EDITORIAL COMMENT: Barclays exit: Stability needed

Source: EDITORIAL COMMENT: Barclays exit: Stability needed | The Financial Gazette June 8, 2017

BARCLAYS’ presence in Zimbabwe was never a flirtation.
The bank opened in the country, then a British colony, 105 years ago and became a permanent feature on the economic landscape.

But it all came to an end last week with the announcement that the British firm had sold its interest in Zimbabwe to a Malawi-listed lender, First Merchant Bank (FMB).
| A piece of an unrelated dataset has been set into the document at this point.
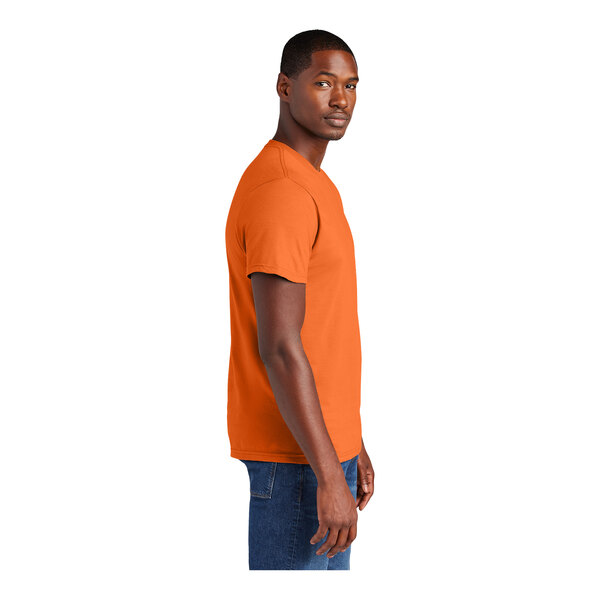 A person wearing a District orange short sleeve t-shirt.
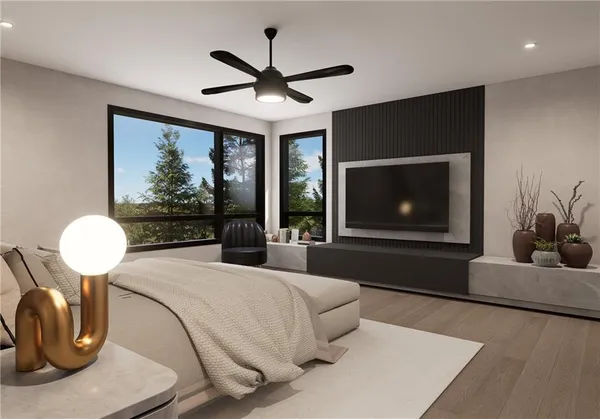 a bedroom with a large bed and a chandelier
Barclays Plc’s intention to exit Zimbabwe as part of a broader recalibration of its footprint away from Africa had been announced in March 2016. The only question related to who would land the prized asset.
The choice of suitor had split Barclays Bank Zimbabwe between management and low-level workers.
Management had reportedly put their own bid for the local company, which had been rejected by Barclays Plc when it entered exclusive talks with FMB.

By last week, low-level managers had launched a court challenge seeking to stop Barclays Plc from selling to FMB or any other party and to force the British bank to give Zimbabwe workers the right of first refusal.
That court challenge may now become an exercise in futility since the purchase by FMB is now a done-deal only awaiting regulatory approval.
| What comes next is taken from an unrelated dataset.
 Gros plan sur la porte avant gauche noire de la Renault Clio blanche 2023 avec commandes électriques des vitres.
There are suggestions the Reserve Bank of Zimbabwe had long sanctioned the suitor before Barclays engaged FMB in talks.

True, Barclays Bank Zimbabwe, which has US$476 million worth of assets, had become an iconic brand with a large customer base.

It is a stable financial institution and was the go-to bank for depositors fleeing risk in a market where more than 20 financial institutions have twisted in the wind since the start of the millennium.
But that brand, represented by the eagle, will soon soar away and in its place will sit the FMB logo. This is a reality those who had gone to court to oppose the bid will now have to accept.
FMB has acquired a good asset. It has an obligation to protect it.
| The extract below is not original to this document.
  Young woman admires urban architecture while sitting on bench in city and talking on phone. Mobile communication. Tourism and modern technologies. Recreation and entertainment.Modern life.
It has also inherited an able workforce which has managed to preserve value and made the asset a good takeover target. These, including the 63 who went to court to oppose the acquisition, should also be protected.
Barclays has indicated that it will transfer all of the bank’s 700 employees, 25 retail branches and five corporate service centres in Zimbabwe, to FMB.

It may be worth pointing out that the other critical asset will be the depositor, without whom the bank will fail.
The depositor will need assurance that deposits will remain safe after this transaction and that they can trust the new owners with their money.